America’s most profitable export is cold hard cash — especially $100 bills.
In an op-ed titled “America’s Most Powerful Export: Money,” Binyamin Appelbaum explained that last year the U.S. exported $65.3 billion of its currency, with most being $100 bills.
“The world needs an international currency, and the dollar is the obvious candidate because the United States, for all its economic troubles, remains the hub of the global economy,” he wrote. “United States government debt is the world’s most popular investment, and the bonds can be purchased only with dollars. Oil is the world’s dominant trade good, and it also is priced and sold in dollars. Much like Facebook, everybody uses dollars because everybody uses dollars.”
He went to explain that foreign demand for $100 bills has soared even as the domestic use of dollars has declined. Recent data shows that the number of U.S. $100 bills in circulation has doubled since 2008, with more than 12 billion of them around the world. In fact, at the end of 2017 the number of $100 bills in circulation exceeded the number of $1 bills for the first time.

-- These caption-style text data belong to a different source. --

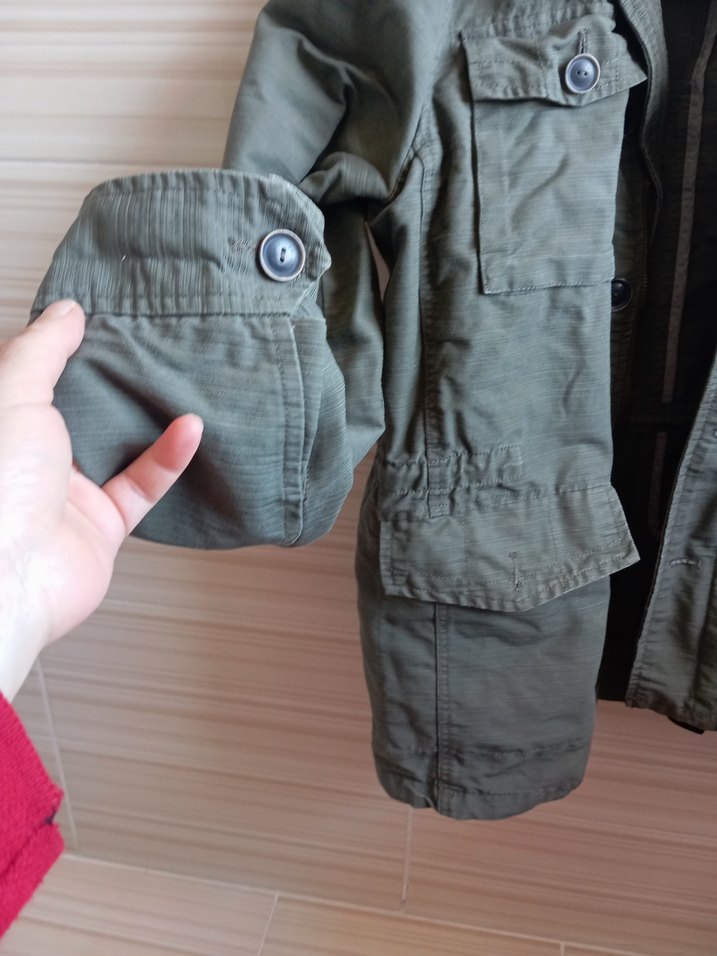 Düğmeli Gri Kadın Ceket Midi Boy - Görsel 5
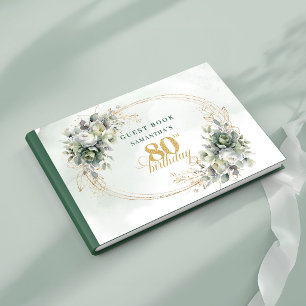 Modern Greenery and Gold 80th Birthday Guest Book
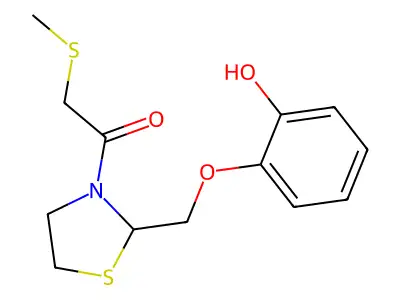 Thiazolidine, 2-((2-hydroxyphenoxy)methyl)-3-((methylthio)acetyl)- structure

“The available evidence suggests large numbers of $100 bills are stuffed in mattresses or other hiding places — particularly in nations where people lack confidence in the value of the domestic currency, or the integrity of the financial system, or the safety of private property. Dollars are hoarded like diamonds, except dollars are easier to spend,” wrote Appelbaum.

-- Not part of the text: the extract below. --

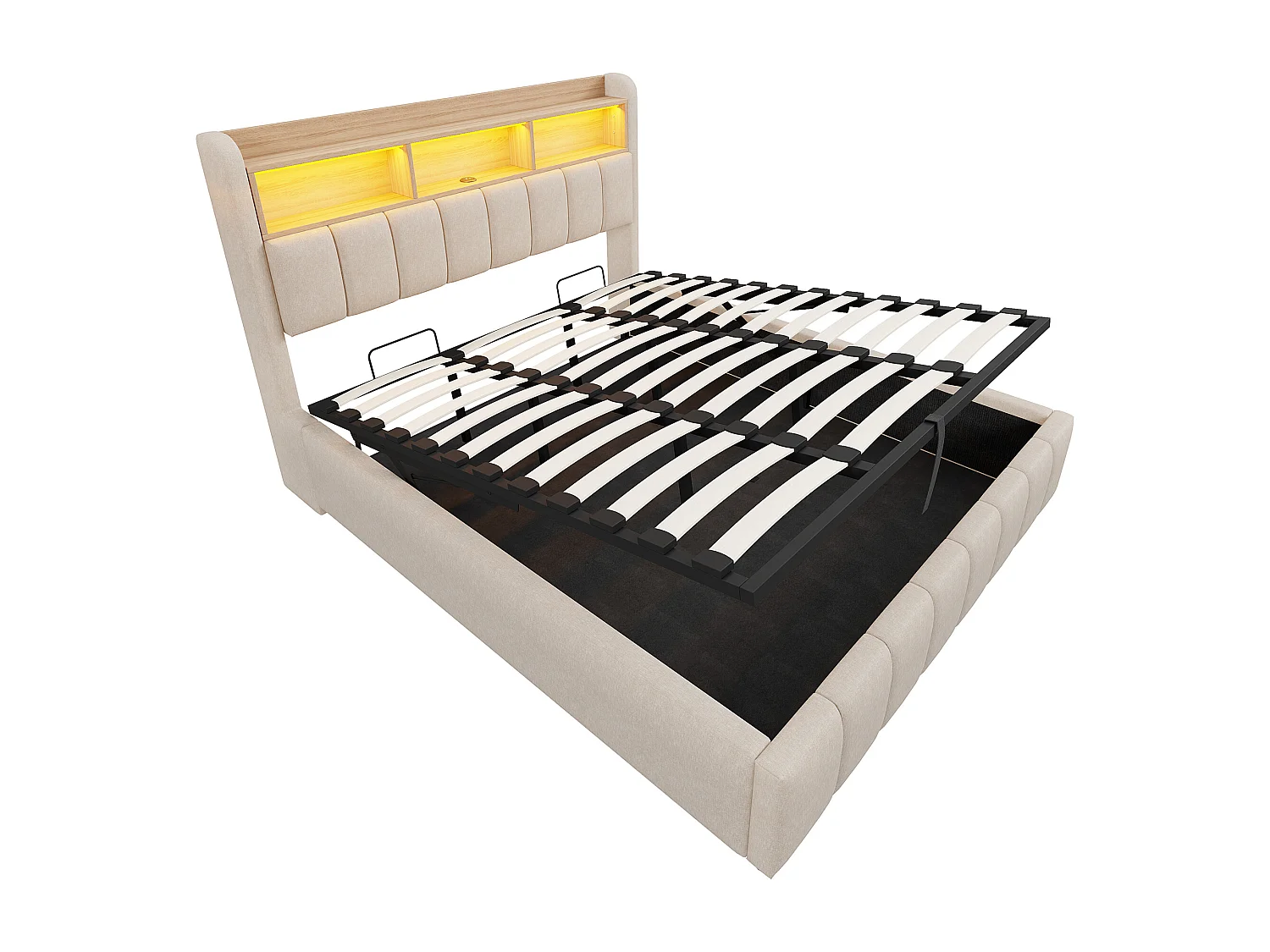 Lit rembourré hydraulique 180x200cm, avec éclairage LED et prise USB, rangement, deux places, tissu lin, beige, sans matelas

There is also evidence that the $100 bill is popular because it’s the most commonly used payment in criminal transactions.
“It has nothing to do with the U.S. economy, and nothing to do with interest rates,” said Nicholas Colas, co-founder of DataTrek Research, in February. “There’s certainly enough evidence to say it is an enabler of corruption, but it is also a way for people to keep assets outside of the financial system, albeit in a kind of bulky way.”
Regardless of its use, printing dollars is a very profitable business for the United States. Appelbaum noted that when ranked by value, cash is the second of America’s most valuable export products, behind refined petroleum. It costs the federal government only around 14 cents to produce a $100 bill, and a few more cents to send it overseas. By the end of 2018, foreign holdings of American currency totaled $773.9 billion.